Aturan sapu jagat bernama resmi Undang-Undang Nomor 11 Tahun 2020 tentang Cipta Kerja ini berisi 1.187 halaman.
UU Cipta Kerja tersebut kini sudah diunggah di situs resmi Kementerian Sekretaris Negara (Kemensetneg) dan bisa diakses publik.
Berdasarkan naskah UU Cipta Kerja yang diterima Kompas.com, Senin (2/11/2020) malam, ketentuan Pasal 79 dalam Undang-Undang Ketenagakerjaan kini diubah dengan menyebutkan pekerja hanya mendapatkan waktu istirahat sehari untuk enam hari kerja dalam sepekan.
Ketentuan ini tak mengalami perubahan dibanding draf RUU Cipta Kerja versi 905 halaman yang beredar pada 5 Oktober 2020, beberapa saat sebelum disetujui untuk disahkan.

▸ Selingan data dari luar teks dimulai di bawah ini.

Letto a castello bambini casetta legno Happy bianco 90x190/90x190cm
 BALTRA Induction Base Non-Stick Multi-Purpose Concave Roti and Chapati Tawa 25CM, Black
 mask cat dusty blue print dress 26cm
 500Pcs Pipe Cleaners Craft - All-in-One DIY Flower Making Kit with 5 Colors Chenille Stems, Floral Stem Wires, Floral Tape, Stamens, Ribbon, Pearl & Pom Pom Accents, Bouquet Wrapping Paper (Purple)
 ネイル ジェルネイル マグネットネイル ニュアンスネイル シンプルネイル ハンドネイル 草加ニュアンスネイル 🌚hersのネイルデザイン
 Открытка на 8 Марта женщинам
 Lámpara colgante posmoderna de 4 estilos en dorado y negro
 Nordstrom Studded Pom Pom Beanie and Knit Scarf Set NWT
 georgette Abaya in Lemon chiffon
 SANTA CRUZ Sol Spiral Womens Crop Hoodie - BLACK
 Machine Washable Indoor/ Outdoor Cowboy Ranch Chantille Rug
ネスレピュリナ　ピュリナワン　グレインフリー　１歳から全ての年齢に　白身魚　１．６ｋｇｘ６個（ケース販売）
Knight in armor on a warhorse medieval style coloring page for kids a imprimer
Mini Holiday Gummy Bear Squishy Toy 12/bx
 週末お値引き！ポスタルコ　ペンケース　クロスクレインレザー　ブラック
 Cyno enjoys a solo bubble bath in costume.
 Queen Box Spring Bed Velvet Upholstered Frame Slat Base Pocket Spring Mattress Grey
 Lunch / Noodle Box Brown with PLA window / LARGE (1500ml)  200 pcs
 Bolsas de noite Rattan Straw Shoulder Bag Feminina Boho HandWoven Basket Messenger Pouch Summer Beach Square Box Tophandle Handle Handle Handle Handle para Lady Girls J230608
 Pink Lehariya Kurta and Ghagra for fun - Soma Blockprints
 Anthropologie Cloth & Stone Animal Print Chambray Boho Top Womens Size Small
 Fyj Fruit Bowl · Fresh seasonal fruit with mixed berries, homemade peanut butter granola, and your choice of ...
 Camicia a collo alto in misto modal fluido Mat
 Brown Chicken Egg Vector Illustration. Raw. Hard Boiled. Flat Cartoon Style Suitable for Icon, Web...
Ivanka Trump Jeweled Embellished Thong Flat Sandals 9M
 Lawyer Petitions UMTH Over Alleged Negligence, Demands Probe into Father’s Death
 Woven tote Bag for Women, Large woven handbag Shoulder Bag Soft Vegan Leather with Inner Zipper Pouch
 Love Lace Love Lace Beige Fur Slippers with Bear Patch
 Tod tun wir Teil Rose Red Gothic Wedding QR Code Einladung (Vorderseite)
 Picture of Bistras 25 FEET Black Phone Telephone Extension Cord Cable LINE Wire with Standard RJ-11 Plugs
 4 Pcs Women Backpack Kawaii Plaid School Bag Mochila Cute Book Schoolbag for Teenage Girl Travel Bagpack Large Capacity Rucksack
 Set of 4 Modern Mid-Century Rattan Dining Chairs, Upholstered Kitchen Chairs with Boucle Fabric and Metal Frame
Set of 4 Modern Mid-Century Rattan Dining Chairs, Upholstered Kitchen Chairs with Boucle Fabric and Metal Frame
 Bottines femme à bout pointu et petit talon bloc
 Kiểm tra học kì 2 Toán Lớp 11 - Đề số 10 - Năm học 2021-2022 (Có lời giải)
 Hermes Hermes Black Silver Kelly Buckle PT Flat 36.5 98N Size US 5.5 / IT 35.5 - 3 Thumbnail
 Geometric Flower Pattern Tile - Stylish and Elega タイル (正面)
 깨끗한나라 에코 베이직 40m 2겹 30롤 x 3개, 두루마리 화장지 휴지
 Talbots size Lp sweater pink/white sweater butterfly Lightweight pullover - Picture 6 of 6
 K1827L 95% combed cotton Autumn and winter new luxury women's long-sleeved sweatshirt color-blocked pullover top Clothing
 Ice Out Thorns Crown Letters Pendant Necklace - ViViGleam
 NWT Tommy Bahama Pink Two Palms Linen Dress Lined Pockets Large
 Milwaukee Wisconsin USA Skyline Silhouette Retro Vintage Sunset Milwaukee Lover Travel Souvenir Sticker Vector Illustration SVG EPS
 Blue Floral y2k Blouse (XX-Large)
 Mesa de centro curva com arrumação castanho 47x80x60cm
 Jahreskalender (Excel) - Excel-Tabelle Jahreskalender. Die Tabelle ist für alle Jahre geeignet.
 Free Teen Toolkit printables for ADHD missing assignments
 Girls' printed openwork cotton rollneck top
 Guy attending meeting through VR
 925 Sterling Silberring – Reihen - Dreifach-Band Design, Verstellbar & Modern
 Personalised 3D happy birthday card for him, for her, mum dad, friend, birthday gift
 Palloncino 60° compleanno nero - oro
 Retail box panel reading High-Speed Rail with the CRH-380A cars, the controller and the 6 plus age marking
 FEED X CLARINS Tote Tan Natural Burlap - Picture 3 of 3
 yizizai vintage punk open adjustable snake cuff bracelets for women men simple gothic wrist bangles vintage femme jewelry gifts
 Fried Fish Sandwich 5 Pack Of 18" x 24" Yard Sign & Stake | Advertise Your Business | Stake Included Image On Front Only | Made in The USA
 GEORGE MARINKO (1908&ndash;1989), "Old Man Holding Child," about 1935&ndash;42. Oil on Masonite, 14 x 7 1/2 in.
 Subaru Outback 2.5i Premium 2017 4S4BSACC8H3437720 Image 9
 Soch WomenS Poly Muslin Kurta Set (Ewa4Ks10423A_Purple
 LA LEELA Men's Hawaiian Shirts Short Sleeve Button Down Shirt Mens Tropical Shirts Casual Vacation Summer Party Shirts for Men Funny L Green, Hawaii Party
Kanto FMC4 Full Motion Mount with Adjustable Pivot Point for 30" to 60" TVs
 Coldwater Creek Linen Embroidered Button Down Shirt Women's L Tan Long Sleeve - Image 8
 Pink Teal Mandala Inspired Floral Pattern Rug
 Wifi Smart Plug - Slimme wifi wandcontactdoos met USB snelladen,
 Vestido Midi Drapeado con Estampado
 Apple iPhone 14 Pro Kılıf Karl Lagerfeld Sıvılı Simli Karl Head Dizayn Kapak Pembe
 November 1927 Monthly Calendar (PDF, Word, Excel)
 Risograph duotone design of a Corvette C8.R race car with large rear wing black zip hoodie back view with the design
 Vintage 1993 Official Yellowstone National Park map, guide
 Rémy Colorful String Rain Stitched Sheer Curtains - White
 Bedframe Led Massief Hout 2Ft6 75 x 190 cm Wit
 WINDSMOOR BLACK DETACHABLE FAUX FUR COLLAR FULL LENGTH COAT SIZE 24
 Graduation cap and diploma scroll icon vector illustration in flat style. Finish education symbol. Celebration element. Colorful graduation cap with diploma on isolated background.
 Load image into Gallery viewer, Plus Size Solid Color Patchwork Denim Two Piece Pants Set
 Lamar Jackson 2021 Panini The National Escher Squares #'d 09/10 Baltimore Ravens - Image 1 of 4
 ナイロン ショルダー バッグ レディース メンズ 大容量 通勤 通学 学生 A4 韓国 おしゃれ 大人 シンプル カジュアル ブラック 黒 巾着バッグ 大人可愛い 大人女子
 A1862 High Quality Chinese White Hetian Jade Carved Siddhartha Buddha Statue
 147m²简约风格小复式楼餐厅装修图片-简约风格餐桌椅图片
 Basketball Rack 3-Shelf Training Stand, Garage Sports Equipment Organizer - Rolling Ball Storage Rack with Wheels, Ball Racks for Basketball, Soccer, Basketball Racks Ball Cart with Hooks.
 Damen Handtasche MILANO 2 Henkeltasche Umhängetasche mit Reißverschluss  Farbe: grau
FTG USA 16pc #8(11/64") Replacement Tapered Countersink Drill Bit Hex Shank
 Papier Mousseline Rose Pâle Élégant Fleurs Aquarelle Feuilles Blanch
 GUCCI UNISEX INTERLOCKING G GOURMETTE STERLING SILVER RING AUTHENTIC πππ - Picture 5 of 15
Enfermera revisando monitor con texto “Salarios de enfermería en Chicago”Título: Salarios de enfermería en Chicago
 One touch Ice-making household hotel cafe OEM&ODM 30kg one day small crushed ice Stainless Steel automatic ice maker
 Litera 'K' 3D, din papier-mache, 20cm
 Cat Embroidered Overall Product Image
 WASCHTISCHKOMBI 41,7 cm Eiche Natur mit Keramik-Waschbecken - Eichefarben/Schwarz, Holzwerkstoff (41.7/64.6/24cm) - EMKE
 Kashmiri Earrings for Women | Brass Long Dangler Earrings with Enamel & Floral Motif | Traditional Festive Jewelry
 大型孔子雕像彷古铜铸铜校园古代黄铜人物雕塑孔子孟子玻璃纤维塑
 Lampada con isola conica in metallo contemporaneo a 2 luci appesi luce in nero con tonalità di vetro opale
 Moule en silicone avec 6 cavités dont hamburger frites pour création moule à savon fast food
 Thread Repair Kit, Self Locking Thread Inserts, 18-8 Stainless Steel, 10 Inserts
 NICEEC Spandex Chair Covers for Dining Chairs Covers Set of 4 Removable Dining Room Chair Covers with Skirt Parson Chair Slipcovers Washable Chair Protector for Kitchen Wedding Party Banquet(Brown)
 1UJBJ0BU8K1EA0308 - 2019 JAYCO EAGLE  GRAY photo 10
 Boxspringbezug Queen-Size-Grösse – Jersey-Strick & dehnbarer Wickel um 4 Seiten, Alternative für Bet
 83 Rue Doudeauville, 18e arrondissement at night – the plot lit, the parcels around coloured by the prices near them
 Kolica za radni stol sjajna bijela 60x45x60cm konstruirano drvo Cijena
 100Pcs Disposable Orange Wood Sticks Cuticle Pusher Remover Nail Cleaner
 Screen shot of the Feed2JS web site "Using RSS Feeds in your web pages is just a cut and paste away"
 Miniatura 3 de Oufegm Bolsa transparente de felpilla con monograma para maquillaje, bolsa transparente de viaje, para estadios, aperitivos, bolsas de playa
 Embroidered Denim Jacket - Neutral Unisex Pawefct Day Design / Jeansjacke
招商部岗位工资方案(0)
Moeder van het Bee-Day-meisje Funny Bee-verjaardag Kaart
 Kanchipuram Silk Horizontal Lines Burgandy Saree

"Istirahat mingguan 1 (satu) hari untuk 6 (enam) hari kerja dalam 1 (satu) minggu," demikian bunyi Pasal 81 poin 23 dalam UU Cipta Kerja.
Kewajiban pengusaha yang hanya memberi waktu istirahat sehari ini dikhawatirkan menghilangkan hak istirahat sebagaimana diatur dalam UU Nomor 13 Tahun 2003 tentang Ketenagakerjaan.
Berdasarkan regulasi tersebut, buruh sebelumnya dapat menjalani waktu istirahat sehari hingga dua hari dalam sepekan. Artinya, waktu libur berdasarkan pasal ini kini mengalami pemangkasan.
Akan tetapi, UU Cipta Kerja juga terlihat menghadirkan kontradiksi terkait hari kerja.
Sebab, dalam perubahan terhadap Pasal 77, masih ada ketentuan mengenai waktu kerja lima hari dalam sepekan, jika bekerja delapan jam dalam satu hari.
Akan tetapi, ketentuan waktu kerja itu bisa tidak berlaku untuk sektor usaha atau pekerjaan tertentu.
Aturan dalam Pasal 81 poin 21 yang mengubah Pasal 77 Undang-Undang Ketenagakerjaan itu berbunyi:
Pasal 77
(1) Setiap pengusaha wajib melaksanakan ketentuan waktu kerja.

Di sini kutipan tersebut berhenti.